Instructions for the task
When you reach the line containing "More Photos Of", please repeat it and every line after it exactly, through the end of the listing below, skipping pictures.
= = = = = = =
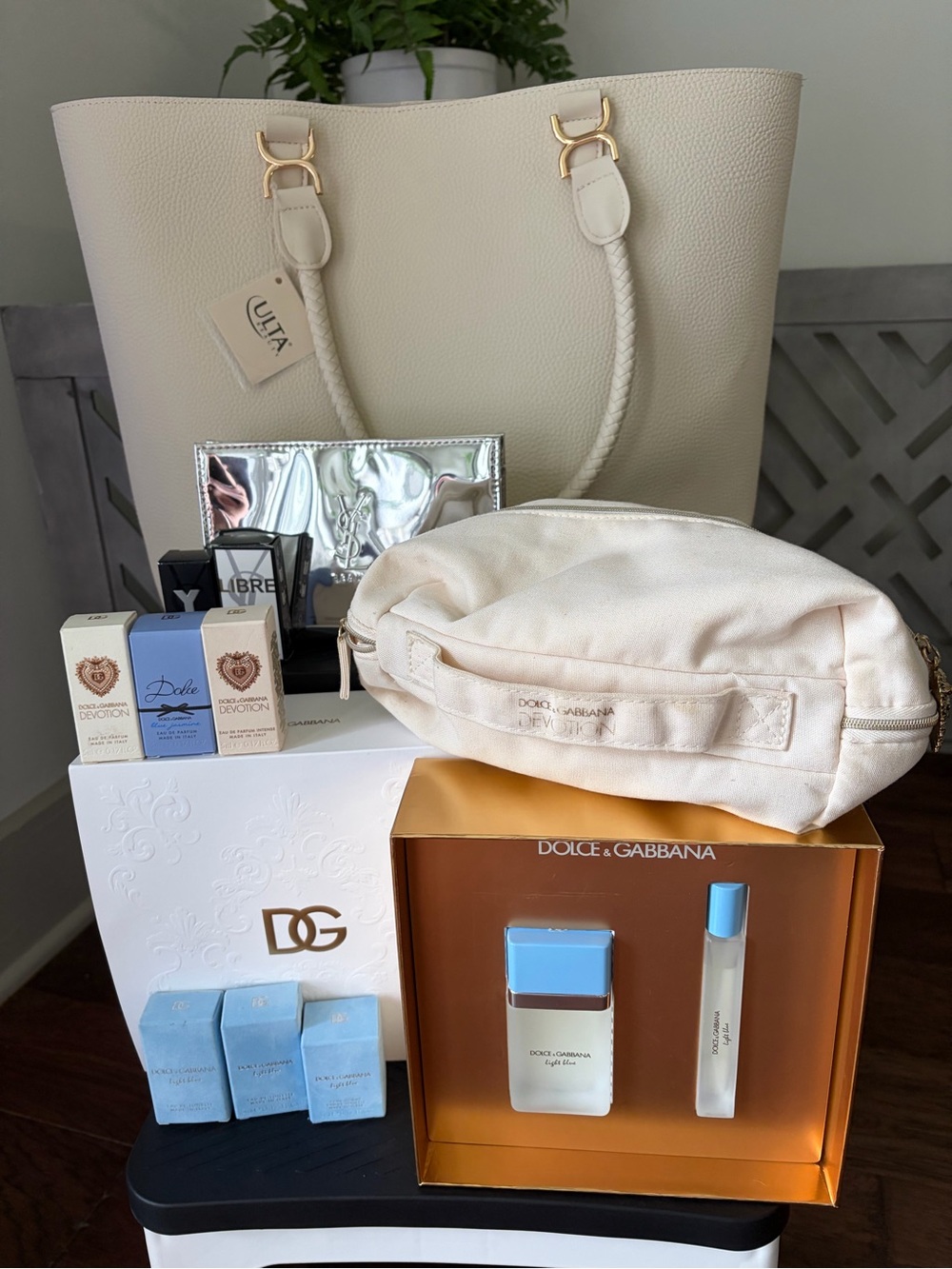 Dolce & Gabbana Cream Tote & Travel Pouch Gift Set with Light Blue Accents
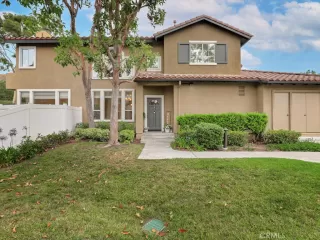 Photo #4: OC23136707 Listing 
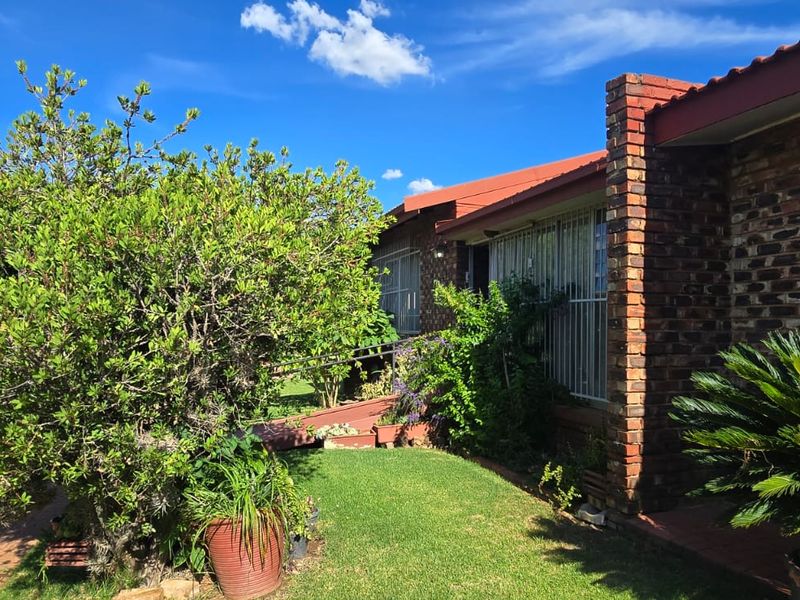 A retirement village where your pension supports a relaxed, stylish way of life. - Photo 2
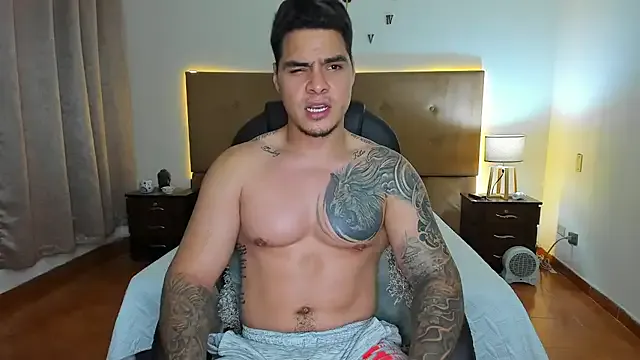 Steven_Velez Image 3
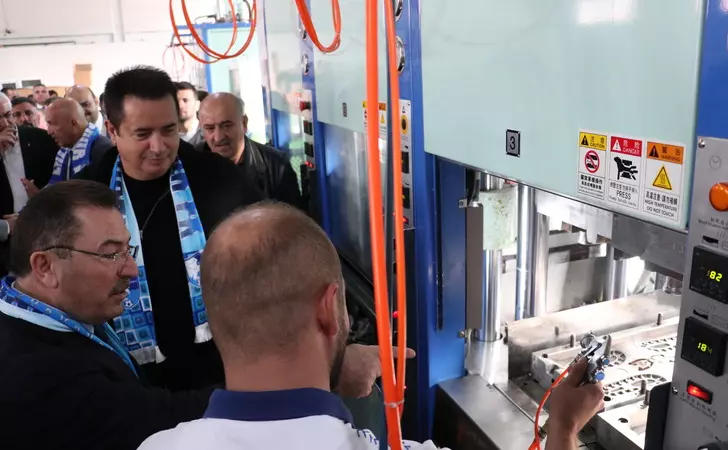 Ünlü televizyon yapımcısı ve sunucusu Acun Ilıcalı, iş insanı Fatih
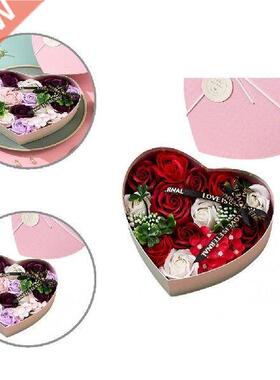 Modern Eye-catching Heart-aped Box Beautiful Rose Petals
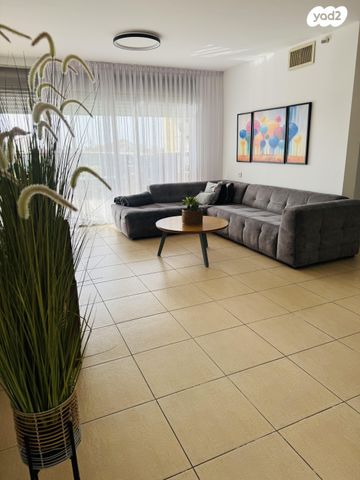 מעגל השלום 25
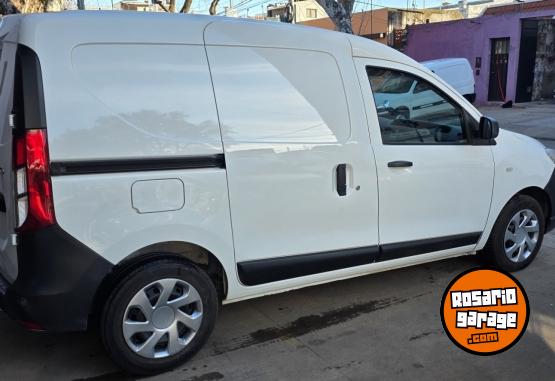 Utilitarios - Renault Kangoo 2022 Diesel 67000Km - En Venta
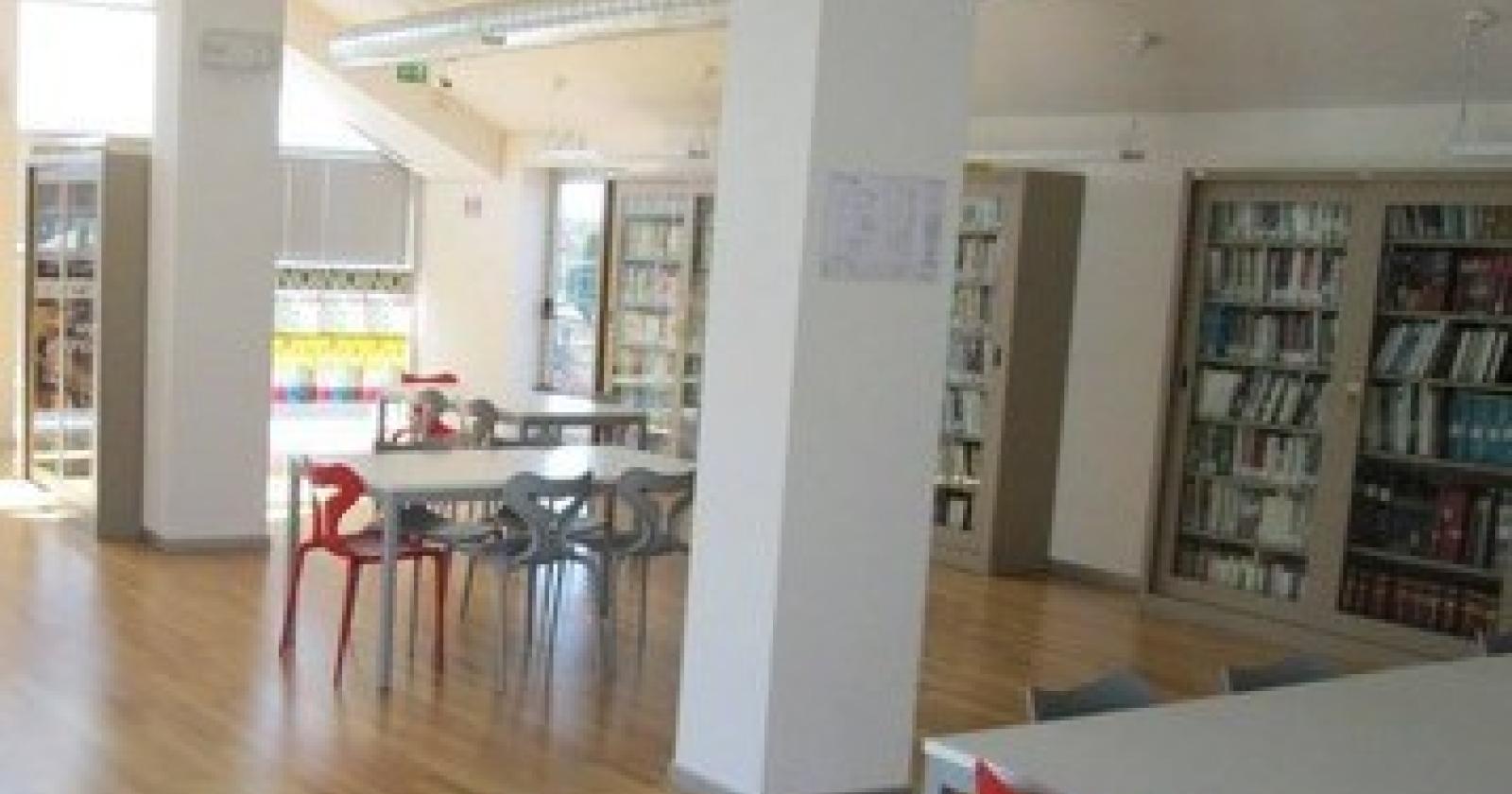 Biblioteca Porto Viro.jpg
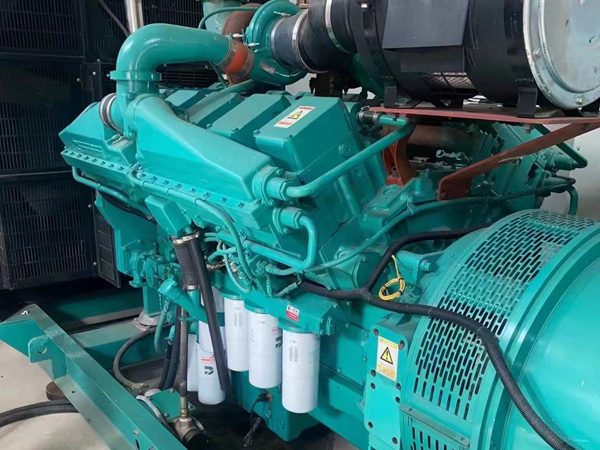 乐山更换100kW柴油发电机组机油时，需要注意哪些事项？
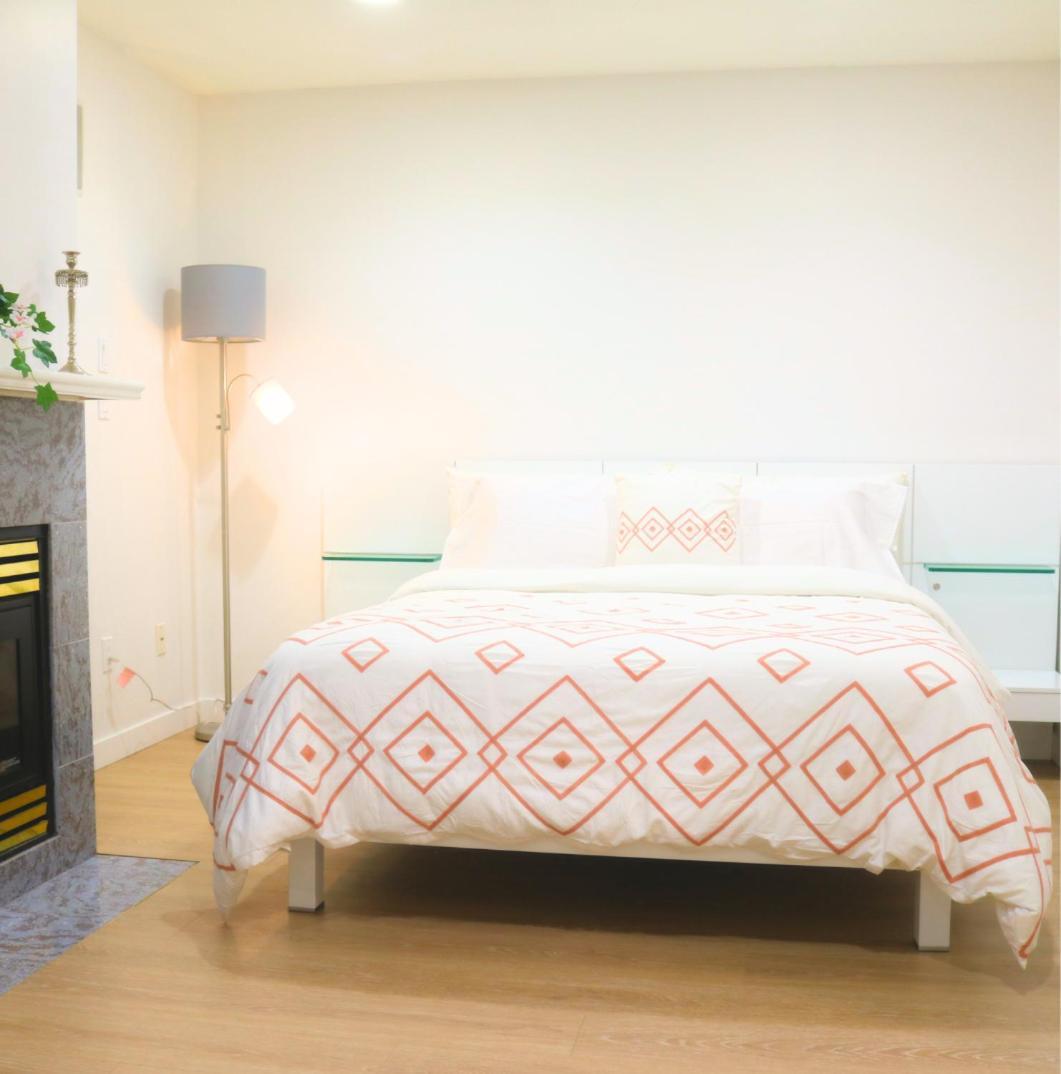 Pristine 3 Beds 2 Washroom Guest Suite Surrey Exterior photo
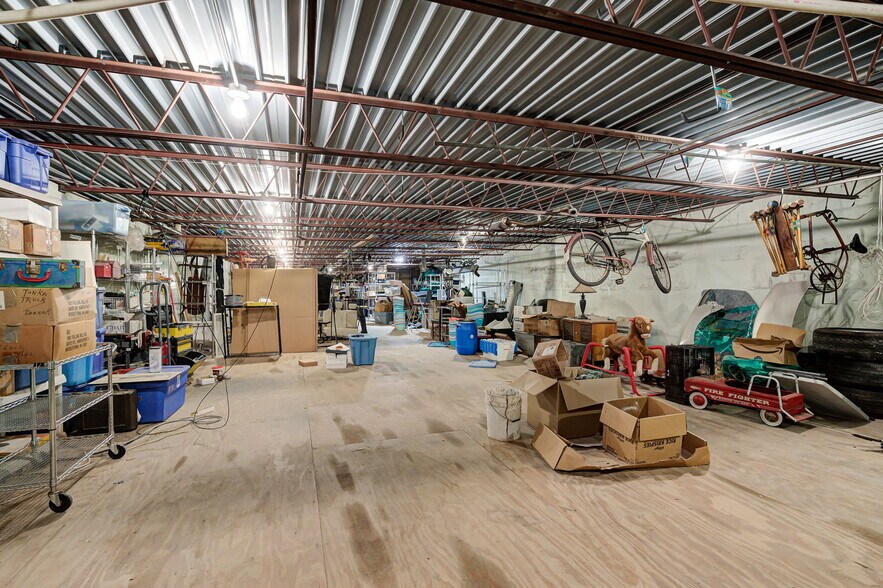 More Photos Of 1940 N May Ave, Oklahoma City General Retail For Sale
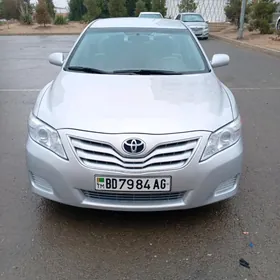 Toyota Camry 2010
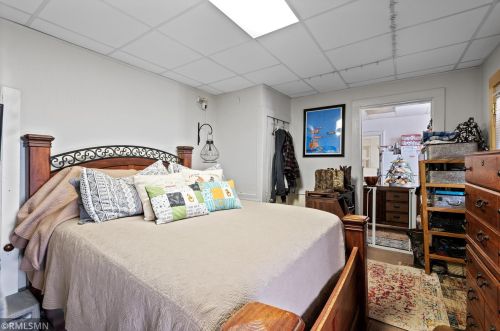 328 4th St, Litchfield MN 55355-2122 exterior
= = = = = = =
Response
 More Photos Of 1940 N May Ave, Oklahoma City General Retail For Sale
 Toyota Camry 2010
 328 4th St, Litchfield MN 55355-2122 exterior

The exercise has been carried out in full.